5.Social Media and DNS

Lastly, I would like to mention to a case I found. I was asked about web hosting by 2 people who required to change settings which were related to DNS. The first case was to need to change A record and nameserver info because she got hacked and she wanted to change a hosting service. The other case was to need create a website because he wanted to promote his project. They have one common issue which Facebook doesn’t allow them to share their links on Facebook feed and Messenger.  The following table shows each site’s condition.
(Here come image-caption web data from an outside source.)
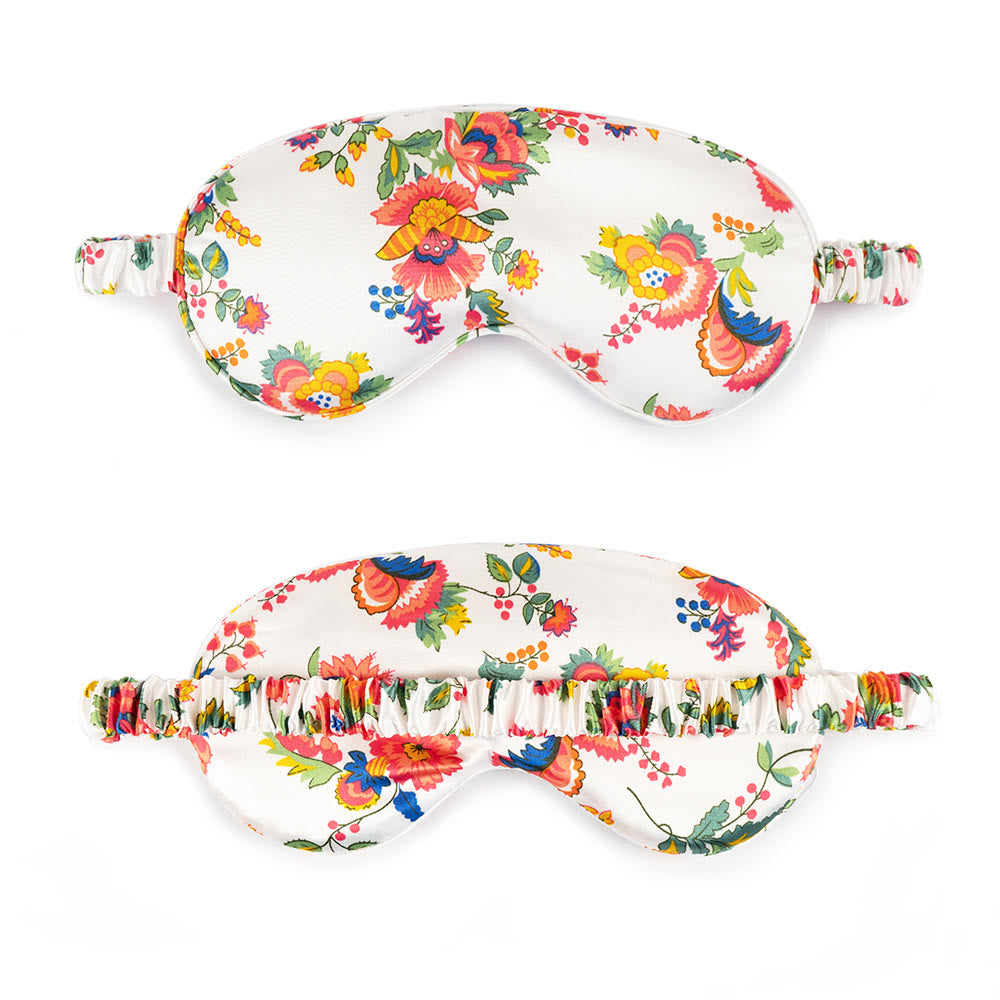 Cute Printed Silk Blackout Sleep Eye Mask - A - 2PCS - 8" x 4" - image 0
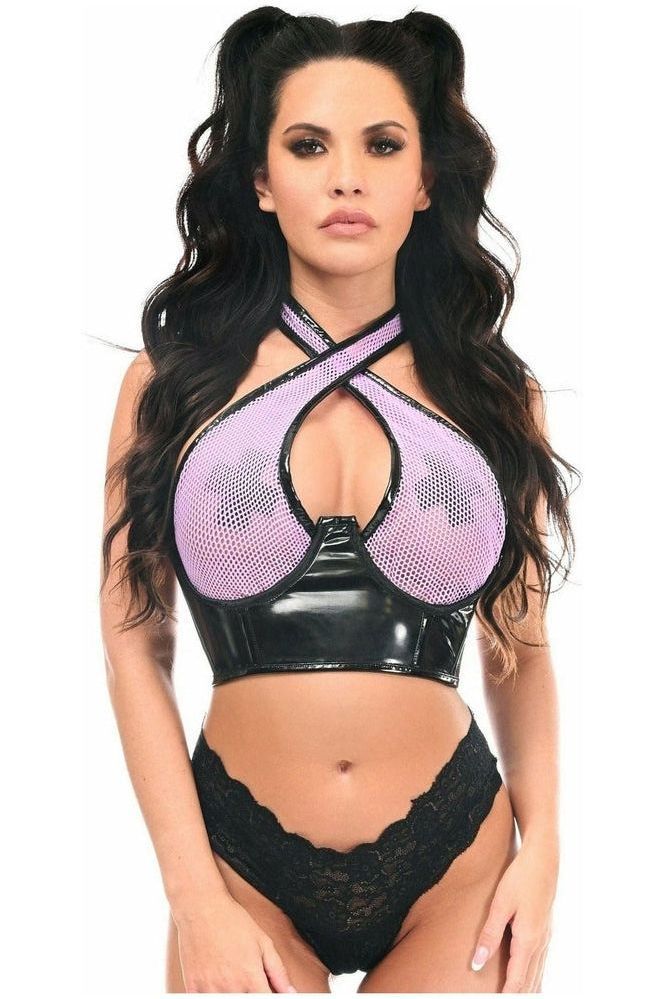 Daisy Corsets Lavish Purple/Black Vinyl & Fishnet Halter Top Underwire Cincher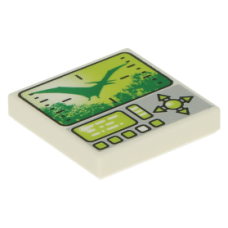 LEGO csempe 2×2 dinoszaurusz, célkereszt és gombok mintával, fehér (74343)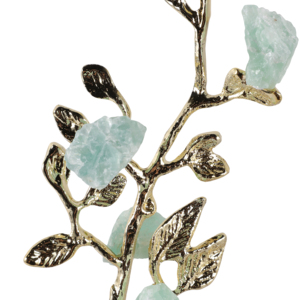 Sculpture d'arbre décorative pour la maison, tige dorée avec cristaux d'aquamarine, base en marbre, élément décoratif élégant pour salon, bureau, salle de bain - Product Image 6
Site 1(got hacked) Site 2 extratorrent.cc
Security issue ○(ranked caution level) × (untested)
DNS problem × ○(the domain didn’t work properly for a week) ×
Facebook share × × △(requires user’s confirmation)

 

Table 1 The sites’ conditions

 

From this table, a couple of things are assumed. The first thing is that Facebook may check data from security companies and another is they have own criteria on shared information because basically, torrent sites aren’t pretty safe, but actually there might be demand for torrent information from some users. The other thing is that some degree they care about DNS information from site2 because site2 is built by WordPress and most information the site has is from itself and one movie is from Vimeo. These are very interesting because I thought Facebook just checks a link is broken or not with The Open Graph Protocol(OGP) protocol. The Open Graph protocol enables any web page to become a rich object in a social graph. For instance, this is used on Facebook to allow any web page to have the same functionality as any other object on Facebook. The OGP is composed of basic metadata like below.

 

Basic metadata of the Open Graph Protocol of title, type, image, and url

                    Figure 7 The OGP Basic Metadata

 

In addition, Facebook publishes a tool which is called “Sharing Debugger.” I checked 4 sites: Site1, Site2, Google.com, and Facebook.com.

Screenshot of sharing debugger tool, showing the Open Graph Protocol information

                        Figure 8 Sharing Debugger https://www.google.com

 

So far in my understanding, Facebook gathers IP address, OGP meta information, redirect path, Canonical URL, and probably security information which security companies published. I guess they don’t open but, they collect data from Facebook users.